Workflow-centric tracing and advanced diagnosis tools for the cloud ecosystem

March 13, 2019
3:00 PM
Halligan 102
Speaker: Raja Sambasivan, Boston University
Host: Jeff Foster

Abstract

We rely on distributed services running in the cloud for almost every aspect of modern society. So, it is critical that engineers diagnose problems observed within them as soon as possible. To help engineers with this extremely challenging task, workflow-centric tracing (also called distributed tracing) has emerged as a foundational technology to inform diagnosis and other management tasks. This is because, in contrast to traditional machine-centric instrumentation methods, it coherently captures all of the work done to process requests within and among the nodes of a distributed service.

In this talk, I will describe my past work on Spectroscope, a tool that uses workflow-centric tracing to automatically localize the source of performance degradations in distributed services. This work represents some of the earliest work on both building workflow-centric tracing infrastructures that are suited to performance diagnosis and demonstrating that such tracing is useful in informing automated diagnosis tools. I will then describe some of my research group’s current efforts, which explore advanced use cases of tracing to address important diagnosis-related challenges. One such challenge is: how can we guarantee that the instrumentation needed to diagnose a new performance problem—both within distributed services and lower datacenter stack layers, such as the guest OS—is present when it is observed?

While the focus of this talk, as well as much of research and industry, is on the adoption of tracing for diagnosing distributed services, our vision is broader. I will conclude by discussing how workflow-centric tracing and our tools could inform an automated management plane across all the parties involved in the cloud ecosystem (e.g., ISPs, cloud providers, cloud tenants). This is a critical requirement to allow the cloud ecosystem to continue to support innovation and to move past the current oligopoly of a few major cloud providers.

Bio

Raja is a Red Hat Visiting Scientist at Boston University.
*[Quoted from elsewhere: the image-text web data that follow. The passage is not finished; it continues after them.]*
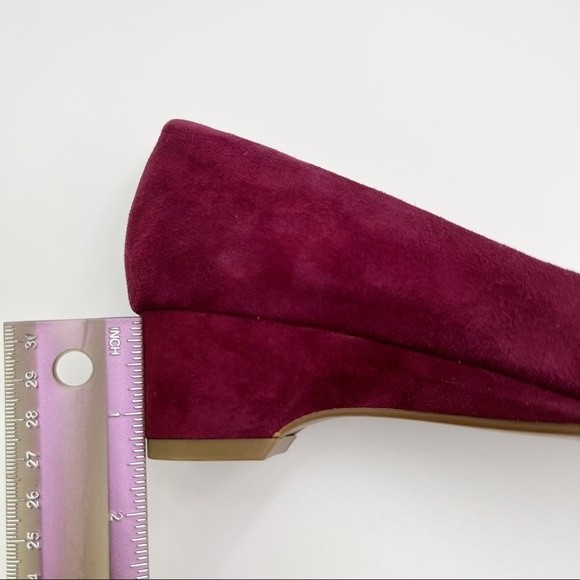 Taryn Rose Womens Size 5 Babe Metallic Suede Leather Wine‎ Plum Fig Pumps Heels - Picture 12 of 14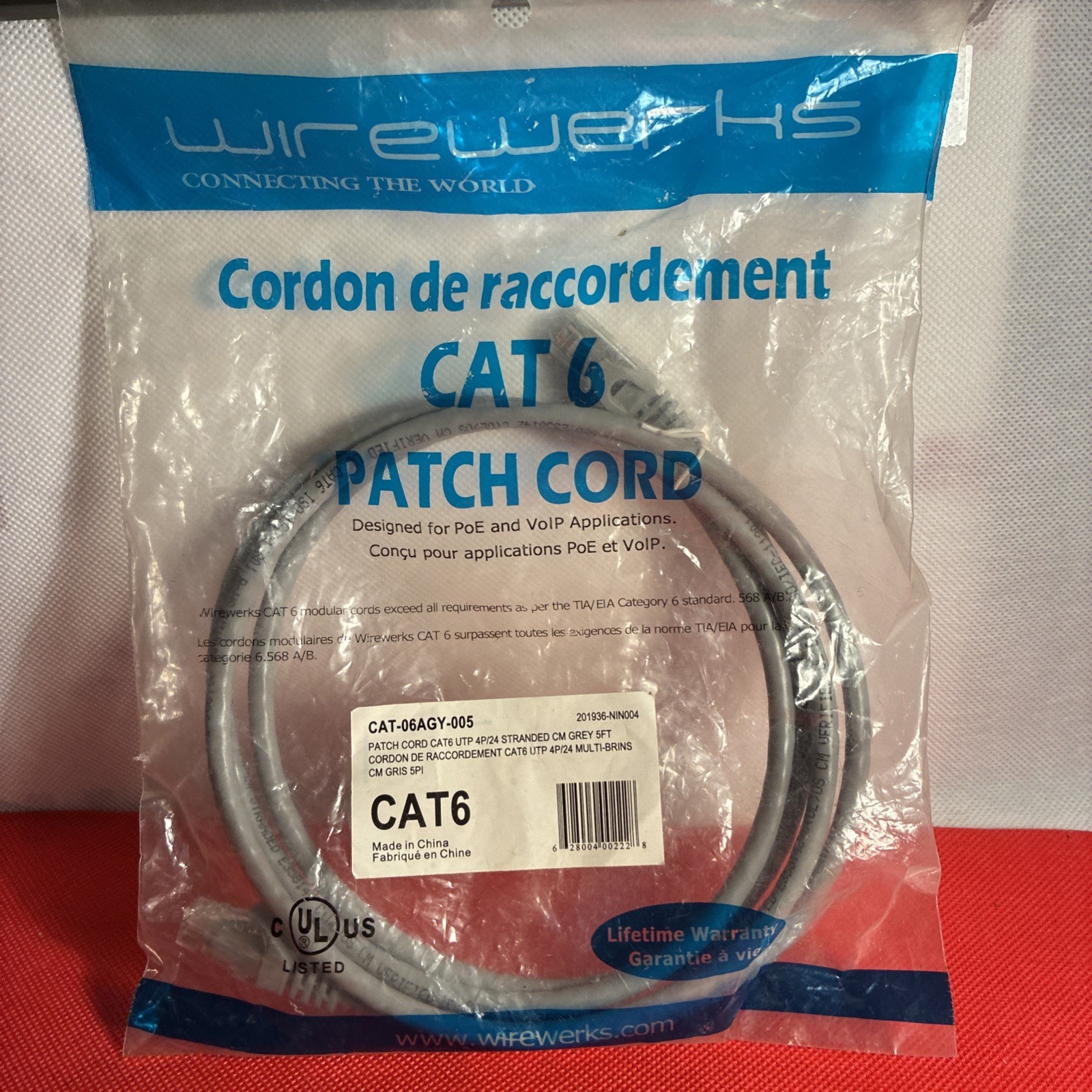 Wirewerks CAT6 Cord (5ft) Grey. CAT - 06AGY - 005. NEW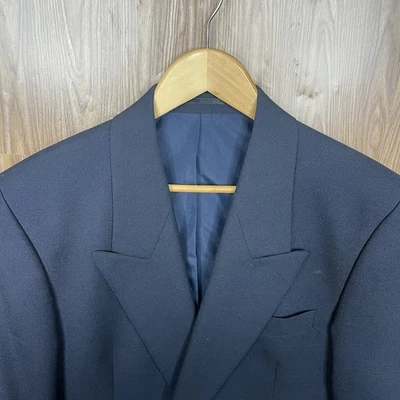 Jaqueta Blazer Park Avenue Masculina 40R Azul Marinho Peito Duplo Pico Botões Prata - Imagem 1 de 4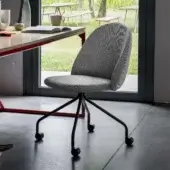 Superior Miniforms Iola office chair with textured gray textile upholstery and sleek dark metal base with caster wheels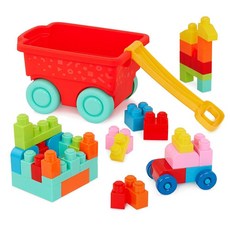 LOC Block 빌딩 블록 장난감 699351, Wagon + Blocks - 47 Pcs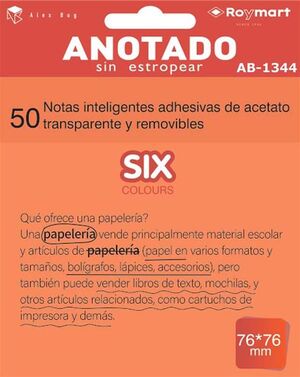 ANOTADO BLOC DE NOTS QUITA Y PON NARANJA TRANSPARERNTE 76X76 50HOJAS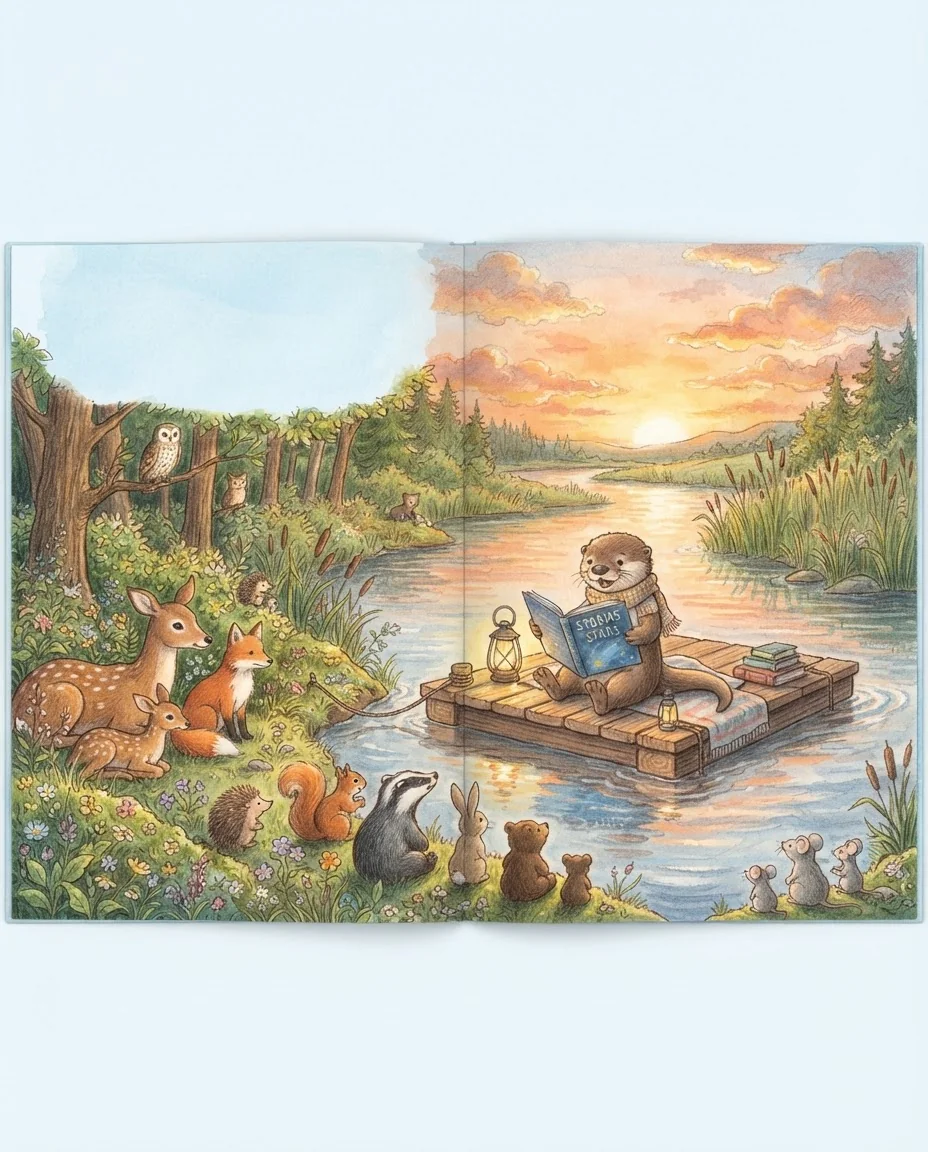 Сцена из детской книги на закате — пример результата промта для Картинки
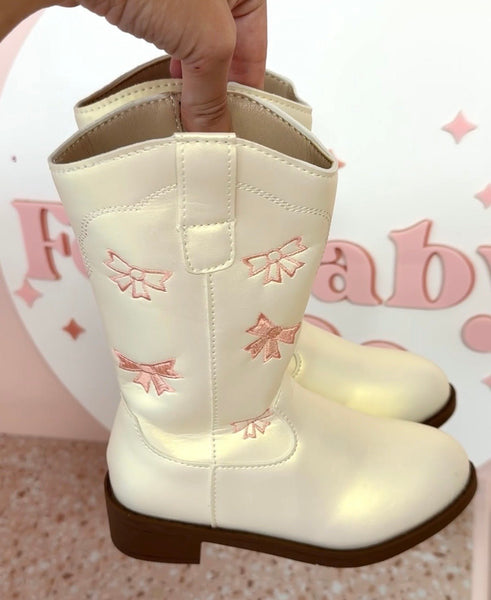 Pink Bow Princess Cowgirl Shimmer Boots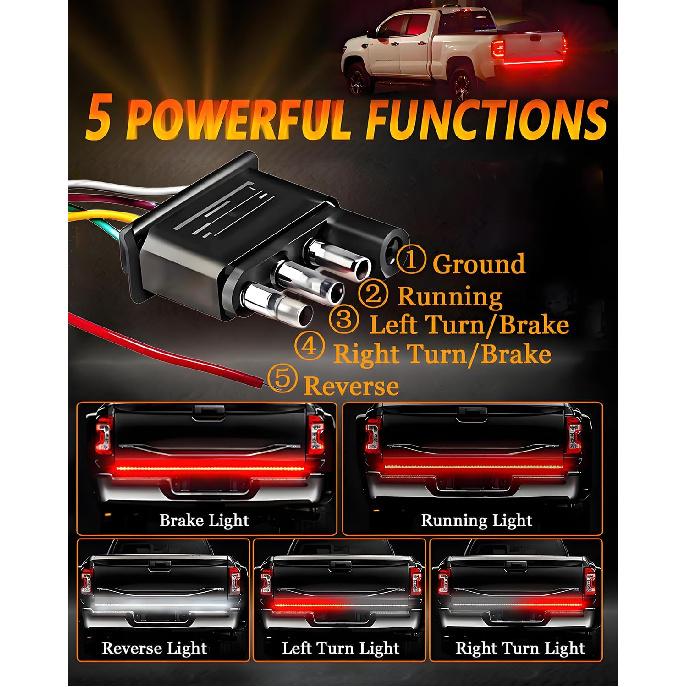 Qasim 48/49Inch LED Truck Tailgate Light Strip 5 Function Red/White For Tail Running Brake Light Turn Signal Emergency Warning Reverse Light For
He works with the Mass Open Cloud and leads a research group focused on creating sophisticated diagnosis tools. He has worked on a wide range of technologies related to the cloud ecosystem, including object-based storage, applied machine learning methods to tackle systems problems, inter-domain routing, and Future Internet Architectures. He completed his PhD (on diagnosis tools for distributed services) and postdoc (on incentive-compatible mechanisms for deploying new inter-domain routing protocols) at Carnegie Mellon University.